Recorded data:

· · · ·

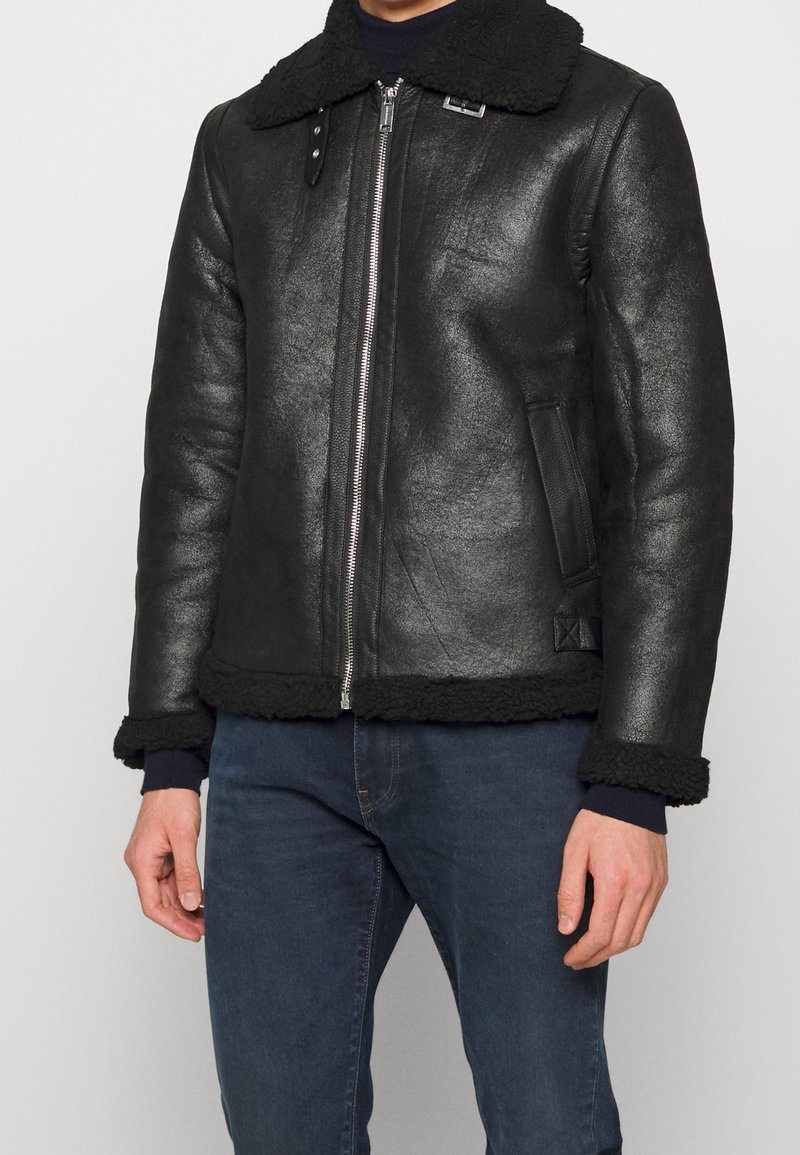 Giacca in shearling nera con zip frontale, ampio colletto e finitura in pelle effetto strutturato. Presenta un orlo e polsini a costine, con tasche laterali.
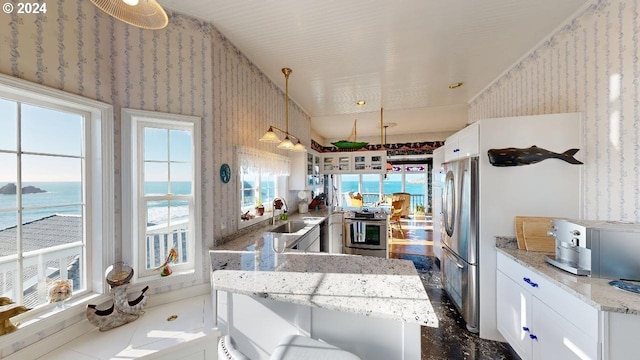 1545 Beach Ave, Brookings, OR 97415 - kitchen featuring appliances with stainless steel finishes, sink, light stone counters, a water view, and white cabinets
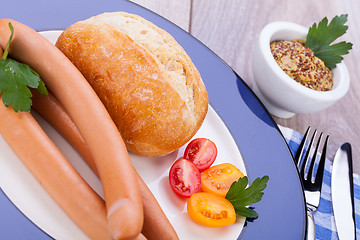 Image showing tasty sausages frankfurter with grain bread 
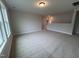 Spacious bedroom featuring neutral paint, plush carpet, and natural light at 3529 Bailey Lake Dr, Fuquay Varina, NC 27526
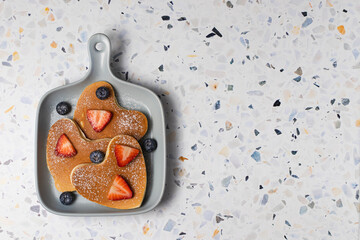 Heart shaped pancakes for romantic breakfast served with strawberry, blueberry and powdered sugar. Valentine's Day concept. Terrazzo background. Top view. Love and hearts theme. Copy space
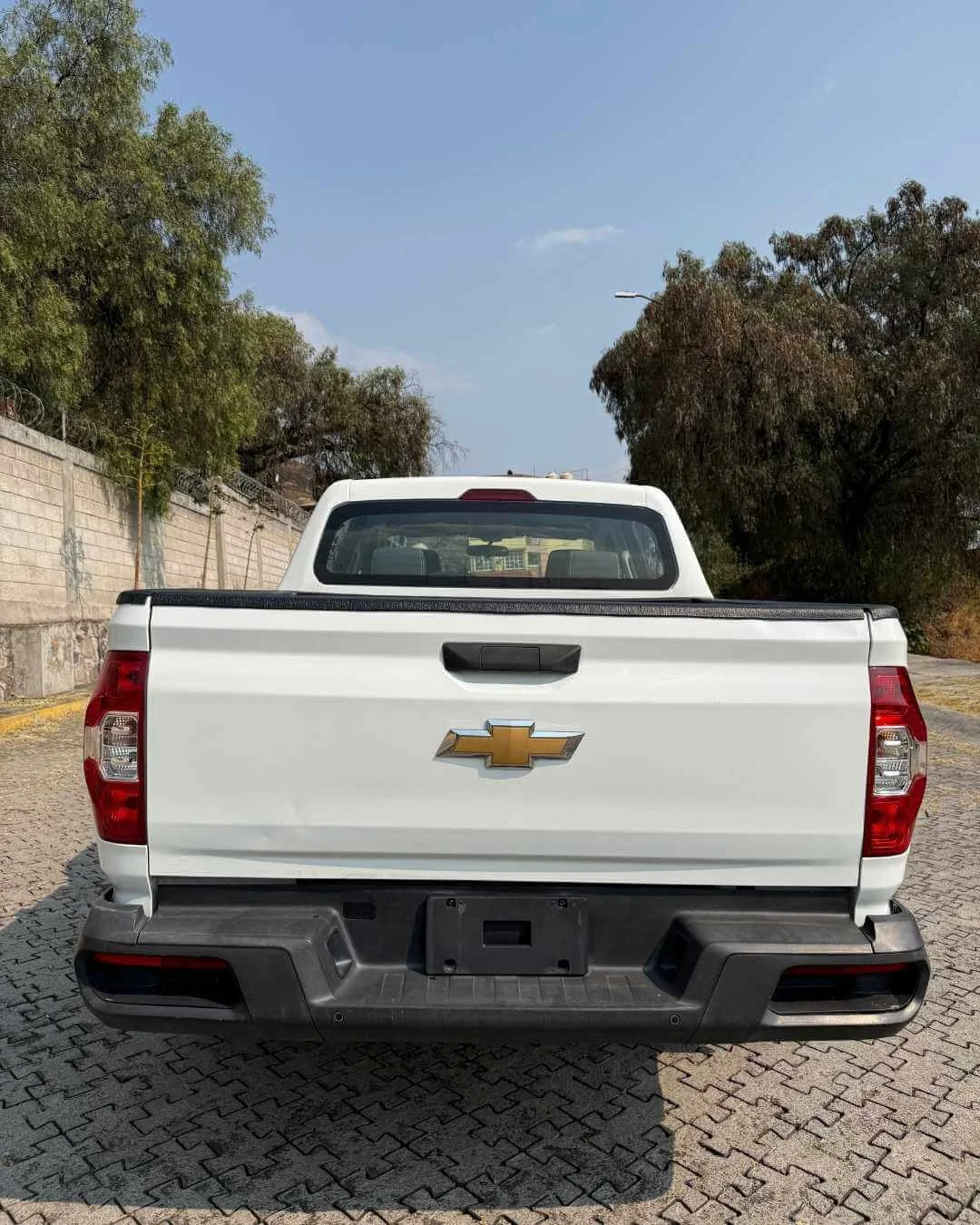 Imagen de la parte trasera de una camioneta blanca con un logotipo dorado de Chevrolet, estacionada en una calle con árboles a ambos lados y un muro de bloques de concreto a la izquierda.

· · · ·

● **TASK GOAL**
Would you copy the lines above exactly, starting with the one that has "Image showing tasty" and ending with the one that has "Heart shaped pancakes", both included, without the pictures?

● **RESPONSE BELOW**
 Image showing tasty sausages frankfurter with grain bread 
 Spacious bedroom featuring neutral paint, plush carpet, and natural light at 3529 Bailey Lake Dr, Fuquay Varina, NC 27526
 Heart shaped pancakes for romantic breakfast served with strawberry, blueberry and powdered sugar. Valentine's Day concept. Terrazzo background. Top view. Love and hearts theme. Copy space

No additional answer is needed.